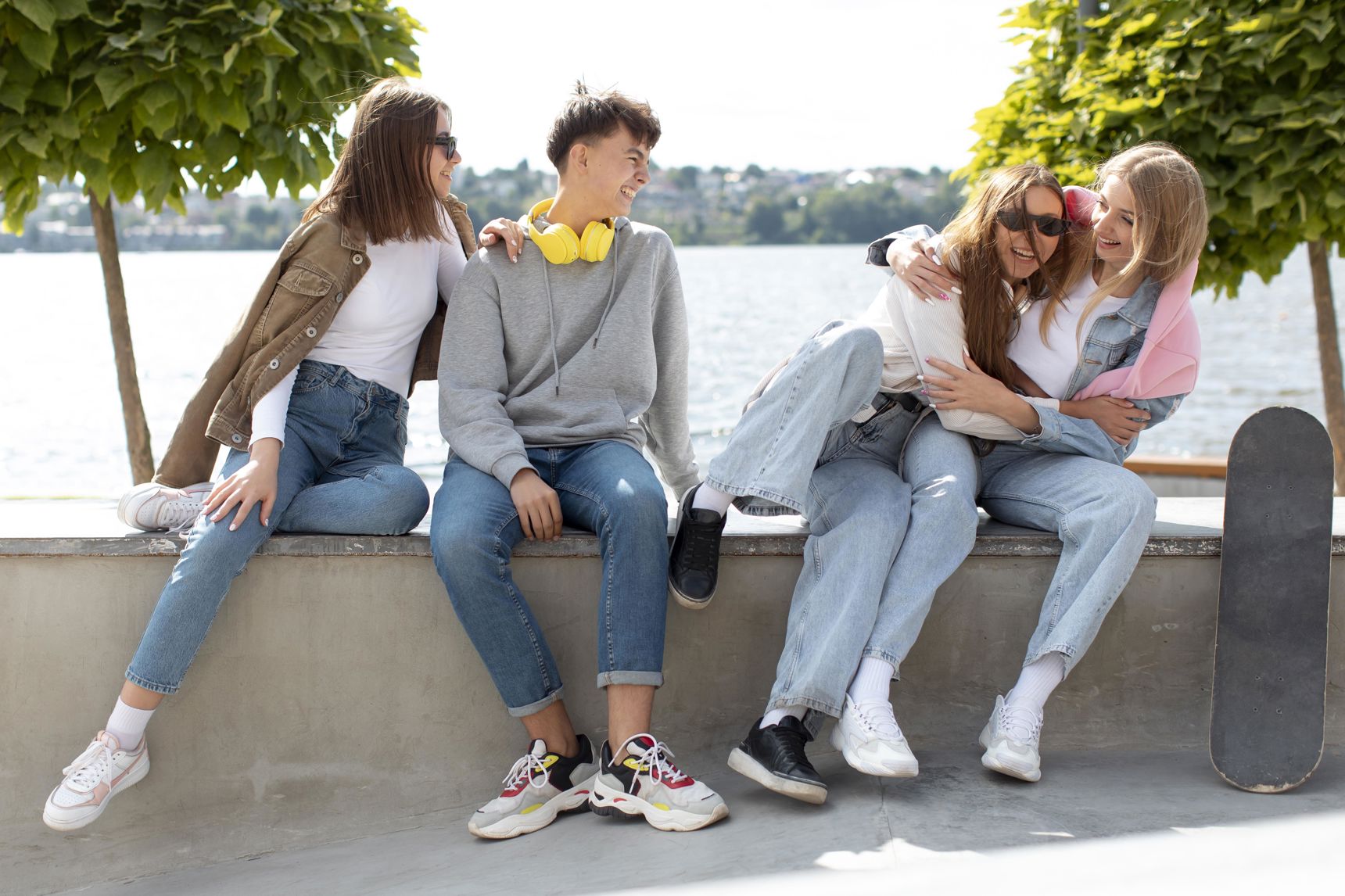 4 unge på kaj-kanten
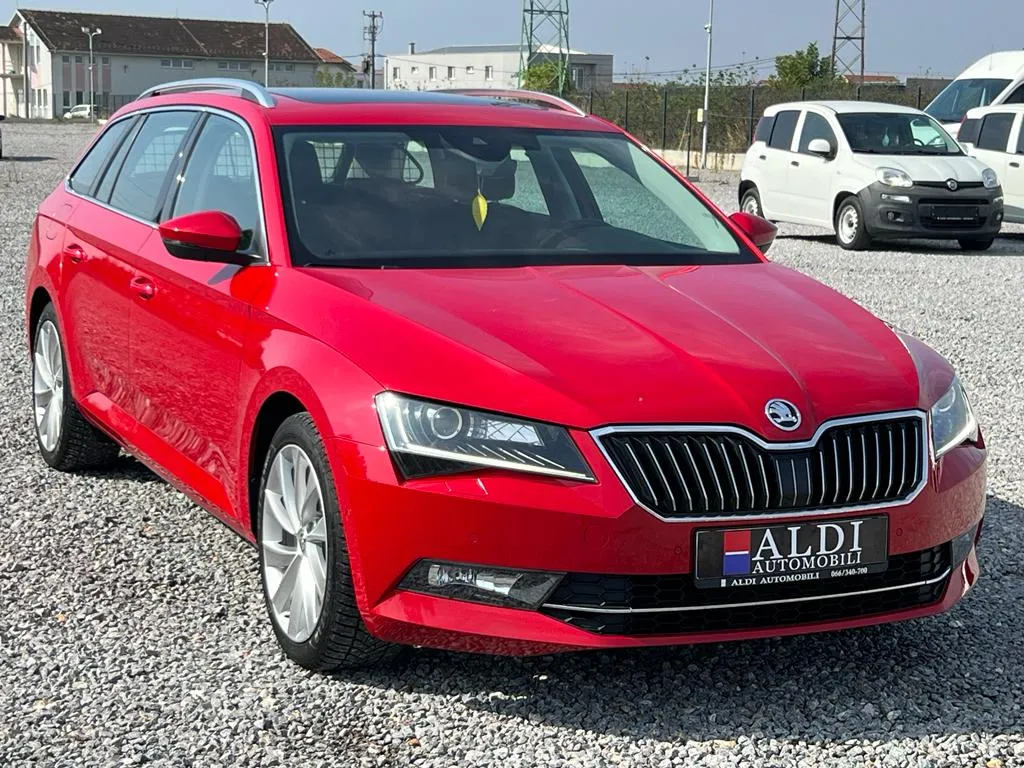 Škoda Superb 1.4TSI/Execuive Image 6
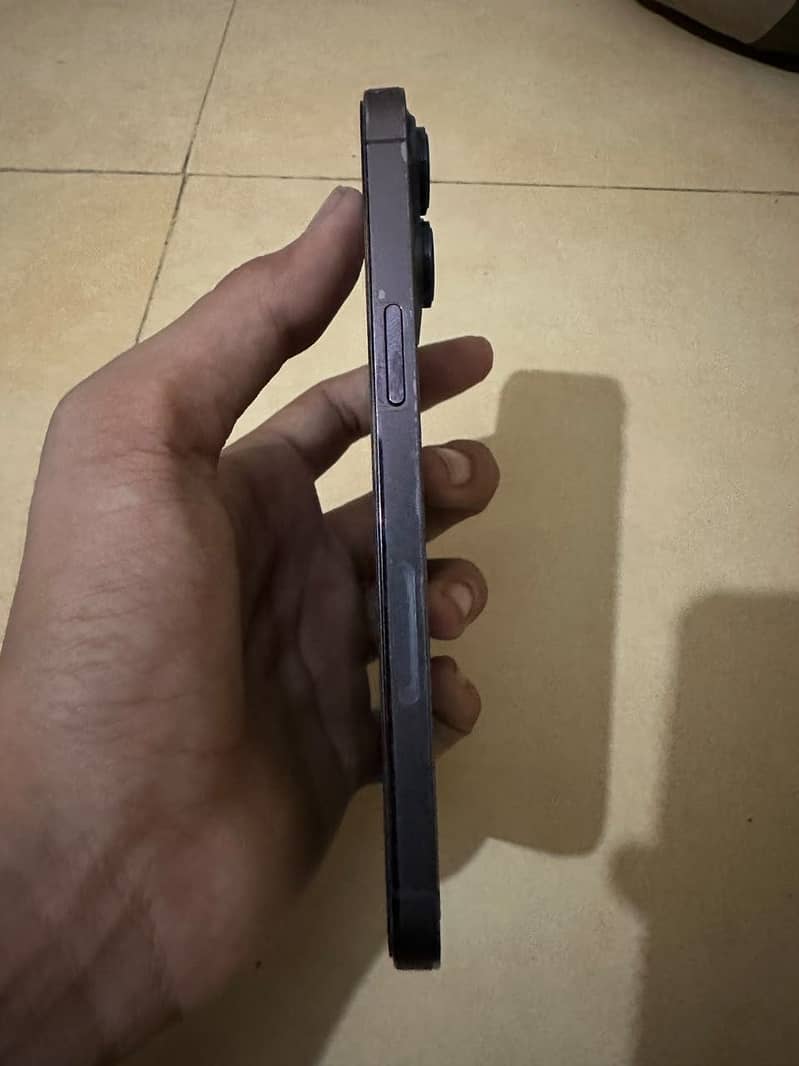 Apple iPhone 14 Pro Max 4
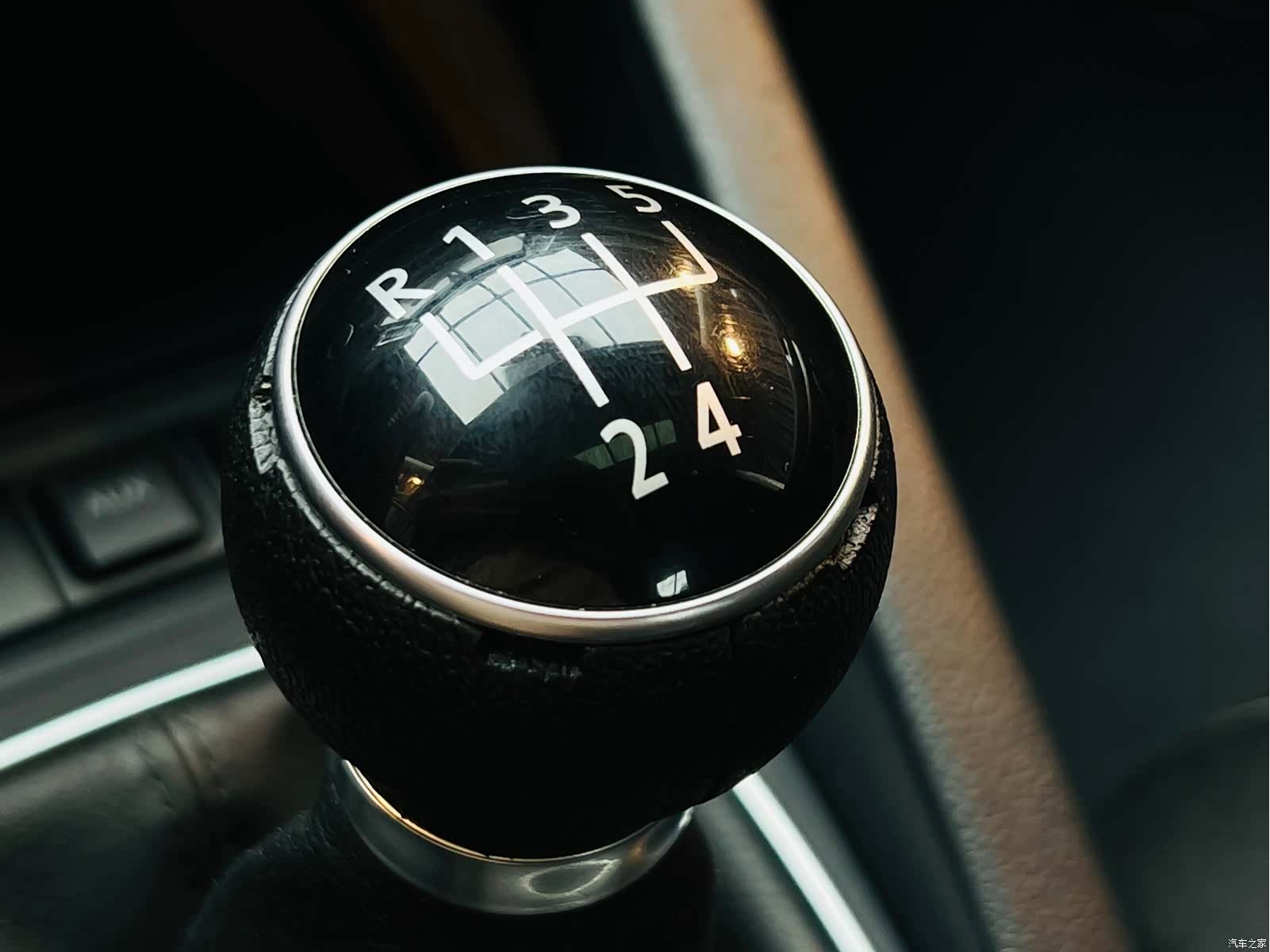 Volkswagen Sagitar, 2011 15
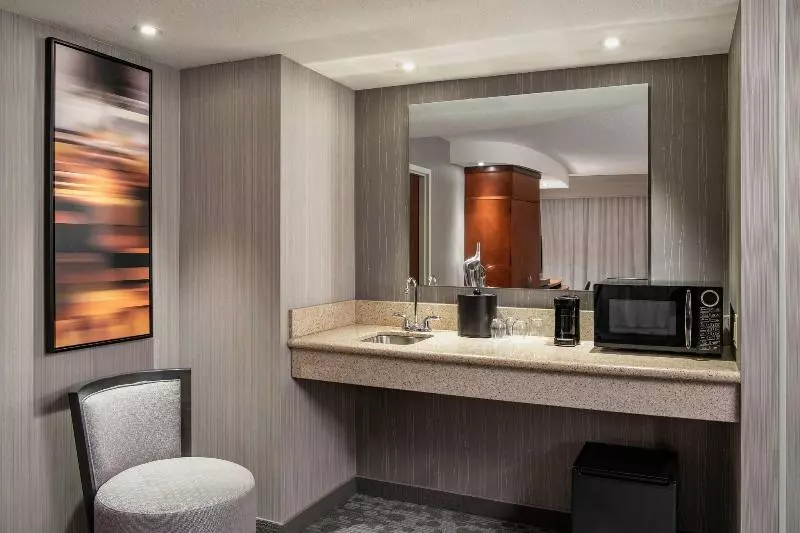 سوئیت با تخت بزرگ, Courtyard By Marriott Edmonton West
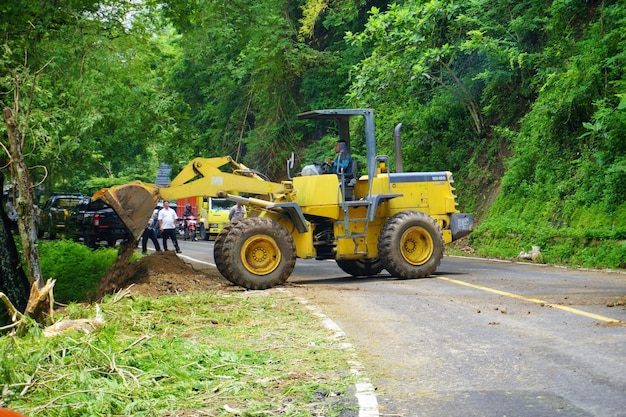 Trenggalek Indonesien 27. Februar 2023 Ein Mann bedient einen Bulldozer, um Erdrutschmaterial zu entfernen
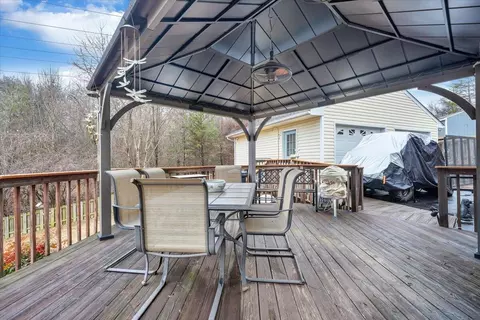 Exterior - 5642 Legate Dr, Roanoke, VA 24019 photo 11 of 16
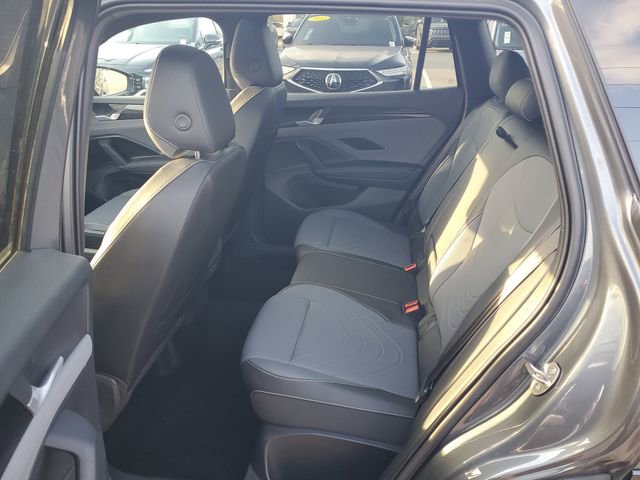 Certified 2025 Volkswagen Tiguan SE R-Line image 12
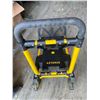 Image 3 : 413 -- STANLEY FOLDING HAND TRUCK
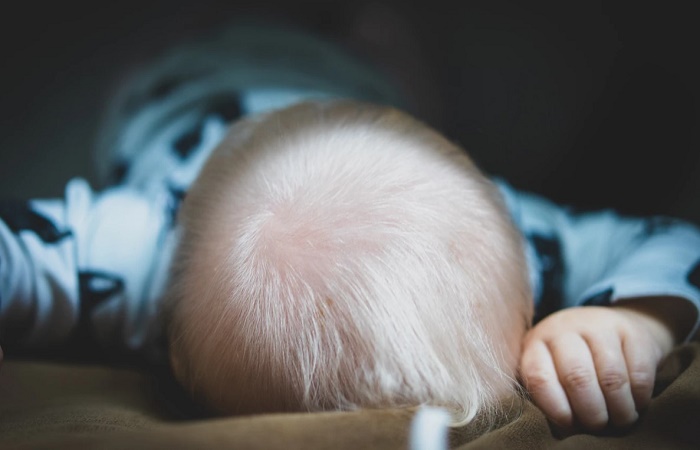 Cosas que no hay que hacerle a un bebé padres Cosas que no hay que hacerle a un bebé recomendaciones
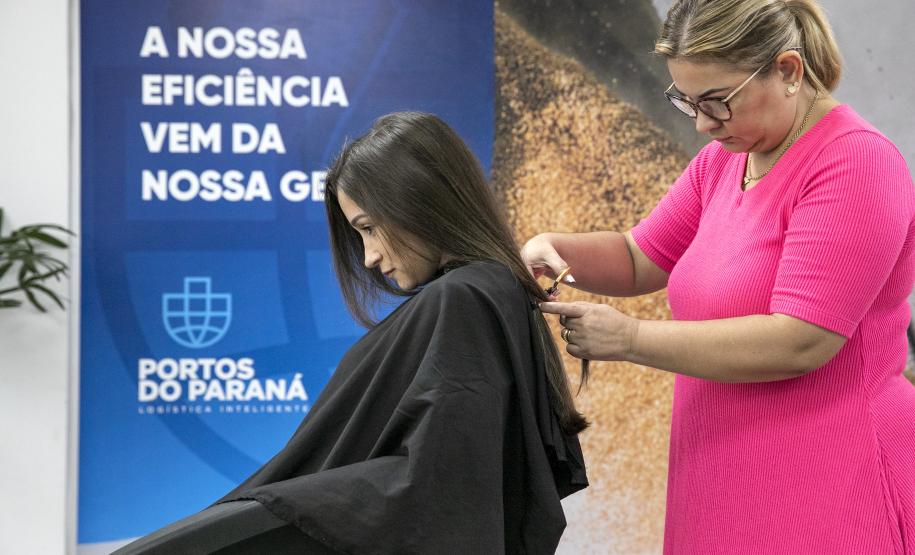 Portuários do Paraná doam cabelos para campanha Outubro Rosa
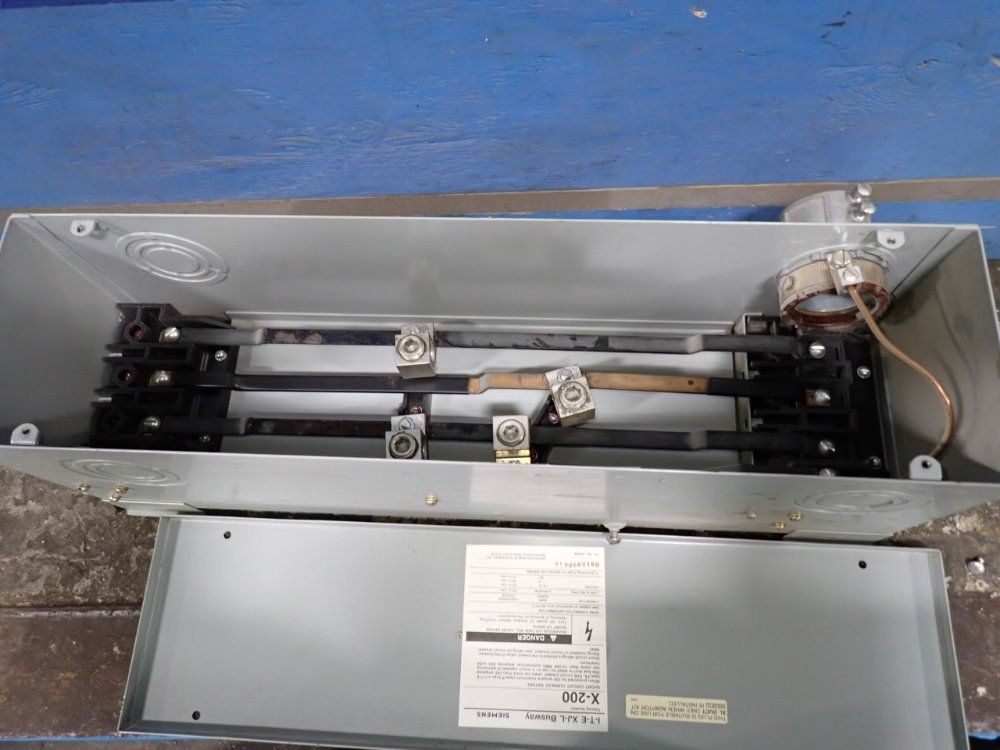 I-t-e 200 Amps Bus Plug - X2004pbg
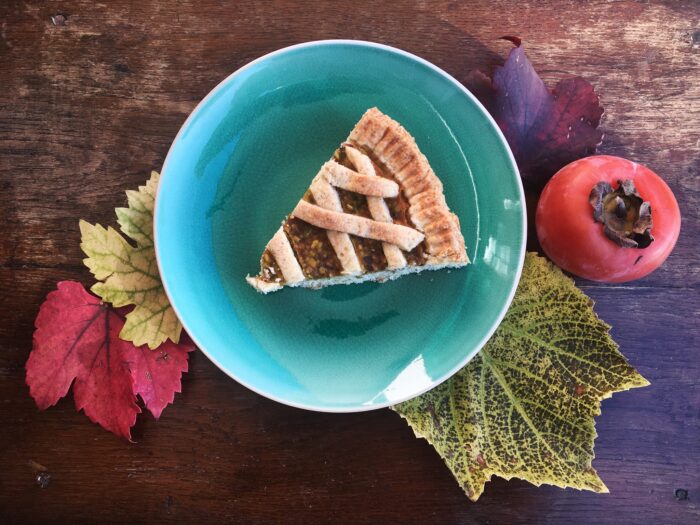Crostata con cachi freschi e pistacchio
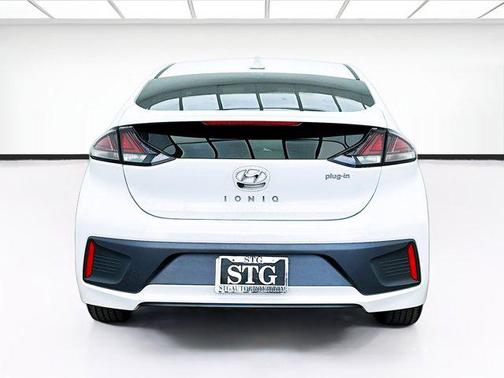 2020 Hyundai IONIQ Plug-In Hybrid SE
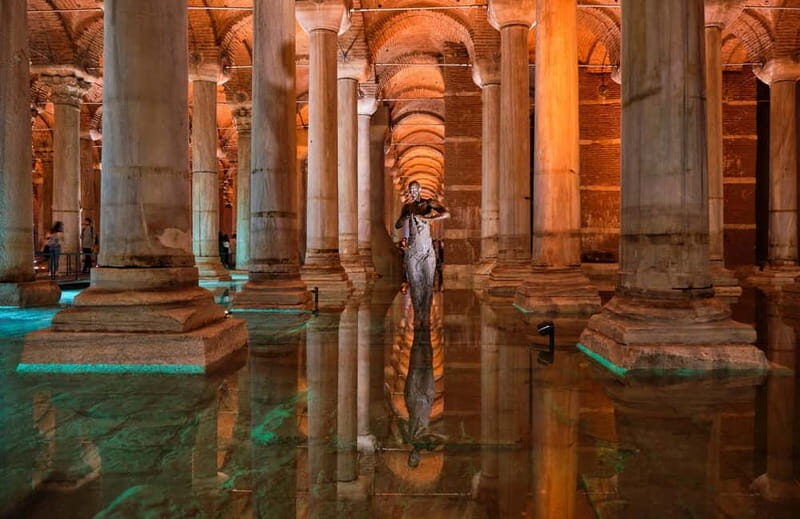 Istanbul: Basilica Cistern Small Group Tour with Tickets - Who this small-group tour suits best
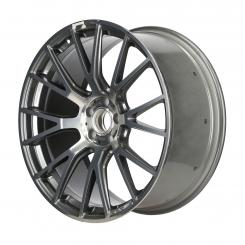 Cerchio in alluminio fucinato AMG con design a razze incroci 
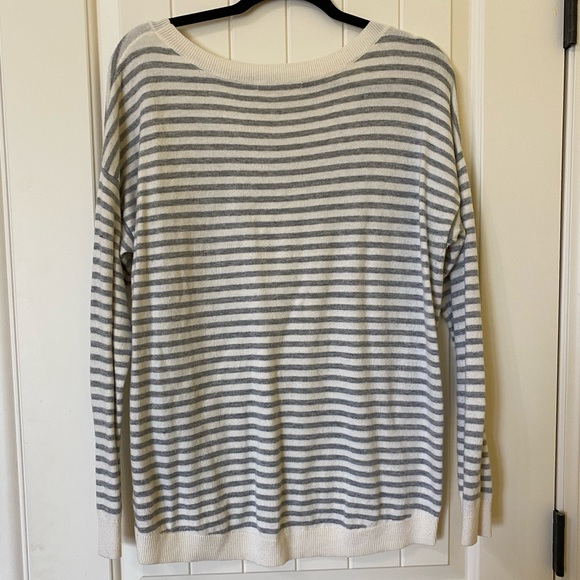 Grey and white striped Gap sweater - Picture 2 of 5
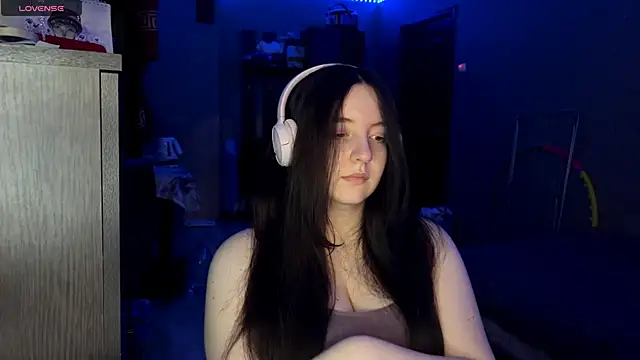 LauretteRagar online show from 12-17-25, 05:08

+ + + +

§ Exercise directions:
Could you copy every record exactly, without the pictures?

§ Result of the task:
 4 unge på kaj-kanten
 Škoda Superb 1.4TSI/Execuive Image 6
 Apple iPhone 14 Pro Max 4
 Volkswagen Sagitar, 2011 15
 سوئیت با تخت بزرگ, Courtyard By Marriott Edmonton West
 Trenggalek Indonesien 27. Februar 2023 Ein Mann bedient einen Bulldozer, um Erdrutschmaterial zu entfernen
 Exterior - 5642 Legate Dr, Roanoke, VA 24019 photo 11 of 16
 Certified 2025 Volkswagen Tiguan SE R-Line image 12
 Image 3 : 413 -- STANLEY FOLDING HAND TRUCK
 Cosas que no hay que hacerle a un bebé padres Cosas que no hay que hacerle a un bebé recomendaciones
 Portuários do Paraná doam cabelos para campanha Outubro Rosa
 I-t-e 200 Amps Bus Plug - X2004pbg
Crostata con cachi freschi e pistacchio
 2020 Hyundai IONIQ Plug-In Hybrid SE
 Istanbul: Basilica Cistern Small Group Tour with Tickets - Who this small-group tour suits best
 Cerchio in alluminio fucinato AMG con design a razze incroci 
 Grey and white striped Gap sweater - Picture 2 of 5
 LauretteRagar online show from 12-17-25, 05:08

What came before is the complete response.